Britain would only go to the moon if, when we got there, there was a Wetherspoons with no windows where we could sit and let our elbows stick to the table and buy condoms out of a machine for precisely three quid. Britain would only go to the moon to come back from the moon and complain about it, the actual moon, to friends, family and coworkers, everyone we have ever met, and advise them never to go. To the moon. You should have seen it Jase, the gravity was appalling; I honestly couldn’t believe it Karen, there wasn’t a TGI’s in sight. We had to go to Burger King. 

Britain would only go to the moon if there was a Peaky Blinders-themed gin bar up there, or a Bongo’s Bingo, or mini-golf. Bowling or ping pong, fine, but not both. A pub quiz on Monday nights. Britain would only go to the moon if there was good parking and it was reasonably priced and it wasn’t too busy on a Saturday. Britain would only go to the moon if it was a bit closer, but, and this is crucial, not too close. You have to feel like you’ve been somewhere. That you’ve travelled. Britain would only go to the moon if it was, not where France is, but certainly no further than Magaluf. Britain would only go to the moon if our hypothetical safety was guaranteed.

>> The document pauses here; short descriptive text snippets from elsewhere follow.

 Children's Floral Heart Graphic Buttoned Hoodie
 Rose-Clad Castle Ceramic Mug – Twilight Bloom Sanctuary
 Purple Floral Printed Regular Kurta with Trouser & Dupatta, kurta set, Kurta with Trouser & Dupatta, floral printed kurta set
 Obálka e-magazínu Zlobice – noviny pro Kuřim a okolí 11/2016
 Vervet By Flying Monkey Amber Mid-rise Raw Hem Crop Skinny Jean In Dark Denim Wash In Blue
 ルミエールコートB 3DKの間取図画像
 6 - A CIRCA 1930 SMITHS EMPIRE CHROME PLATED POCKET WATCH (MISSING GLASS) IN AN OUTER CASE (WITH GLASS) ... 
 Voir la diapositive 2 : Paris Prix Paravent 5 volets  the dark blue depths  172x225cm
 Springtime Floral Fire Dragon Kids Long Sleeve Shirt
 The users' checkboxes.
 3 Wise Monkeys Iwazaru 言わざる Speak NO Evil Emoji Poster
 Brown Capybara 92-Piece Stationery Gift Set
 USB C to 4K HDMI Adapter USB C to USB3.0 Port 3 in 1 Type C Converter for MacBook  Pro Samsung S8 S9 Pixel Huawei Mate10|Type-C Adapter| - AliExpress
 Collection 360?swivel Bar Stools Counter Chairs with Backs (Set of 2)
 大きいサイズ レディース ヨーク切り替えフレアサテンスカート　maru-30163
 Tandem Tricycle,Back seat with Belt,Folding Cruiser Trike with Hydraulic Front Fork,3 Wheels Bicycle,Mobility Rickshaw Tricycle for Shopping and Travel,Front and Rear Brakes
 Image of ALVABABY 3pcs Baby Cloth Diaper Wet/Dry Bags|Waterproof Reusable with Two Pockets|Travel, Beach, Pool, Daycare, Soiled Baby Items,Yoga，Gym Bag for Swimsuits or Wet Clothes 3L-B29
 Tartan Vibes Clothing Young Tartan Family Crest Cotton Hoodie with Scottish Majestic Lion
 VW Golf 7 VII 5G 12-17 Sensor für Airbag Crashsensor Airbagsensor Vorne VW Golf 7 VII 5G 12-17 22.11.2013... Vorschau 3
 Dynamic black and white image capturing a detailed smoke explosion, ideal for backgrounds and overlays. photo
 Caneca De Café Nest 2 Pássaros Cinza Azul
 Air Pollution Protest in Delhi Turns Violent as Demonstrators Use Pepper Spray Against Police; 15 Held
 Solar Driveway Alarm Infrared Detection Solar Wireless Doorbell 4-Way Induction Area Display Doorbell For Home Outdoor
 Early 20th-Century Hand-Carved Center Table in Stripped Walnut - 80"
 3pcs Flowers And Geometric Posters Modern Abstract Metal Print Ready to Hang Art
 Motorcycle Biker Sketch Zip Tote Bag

Britain rejects the premise that our hypothetical safety can be guaranteed. Britain would only go to the moon if there was decent 4G and a high-street with a Debenhams with a sale on. A boujee fruit smoothie place but also the essentials: branches of Iceland, Specsavers and Timpson. Britain would only go to the moon if you didn’t have to travel there on a rocket but rather a series of Megabuses, each leg of the journey longer and more arduous than the last. Britain would only go to the moon if it was repeatedly assured there were ample cashpoints up there.

Britain would only go to the moon if it wasn’t the moon at all, it was just Britain, and we could queue and moan and moan and queue and tell all the other Brits up there that this is our moon and if they don’t like it, they can fuck off. You know. Back to Britain. If the moon was like that… yeah. Britain would probably fancy going to the moon.